The narrative of Xi’s personality cult is that he is the man with the will and the wisdom to attain the “Chinese dream” of national rejuvenation. Too long a victim of the West, China waits for the moment to overcome its enemies and restore its greatness.
This epic drama requires a villain, and the United States (along with its allies, especially Japan) can play that role nicely. Xi wants the Chinese public to despise and distrust the United States. Chinese media has become a constant anti-US propaganda machine, painting Washington as resolutely hostile and US society as violent, racist, and unjust. Anti-US rant helps Xi to garner domestic support and goodwill.
The main goal of Beijing’s current diplomacy appears to be gaining compliance from other governments to align with Xi’s goals, and it often degenerates into threats, warnings, and demands. Again, much of the fiery rhetoric may be directed at a domestic audience to bolster Xi’s credentials as a diehard defender of the nation.
Beijing is convinced that Xi will take China to great heights of economic and military power and that he must work to see that the US is shown its proper place after having ruled over the world for such a long period.

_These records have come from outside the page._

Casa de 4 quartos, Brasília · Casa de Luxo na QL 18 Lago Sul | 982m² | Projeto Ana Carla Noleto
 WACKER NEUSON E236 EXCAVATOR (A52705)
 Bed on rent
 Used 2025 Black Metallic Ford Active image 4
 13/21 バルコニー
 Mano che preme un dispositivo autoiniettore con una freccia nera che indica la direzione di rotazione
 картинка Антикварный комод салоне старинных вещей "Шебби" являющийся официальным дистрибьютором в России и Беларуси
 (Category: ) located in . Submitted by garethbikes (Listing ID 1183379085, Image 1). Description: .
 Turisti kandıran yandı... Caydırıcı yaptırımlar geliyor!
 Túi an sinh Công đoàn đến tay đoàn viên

To conclude, we agree with a China watcher saying, “Whatever the cause, five more years of Xi’s foreign policy almost certainly means five more years of increasing conflict with many of the world’s major economic and military powers.
This includes the United States, its allies, and emerging nations that feel threatened by Beijing’s aggressiveness, such as India and Vietnam.”
- Padma Shri KN Pandita is the former Director of the Centre of Central Asian Studies at Kashmir University. Views expressed are of the author.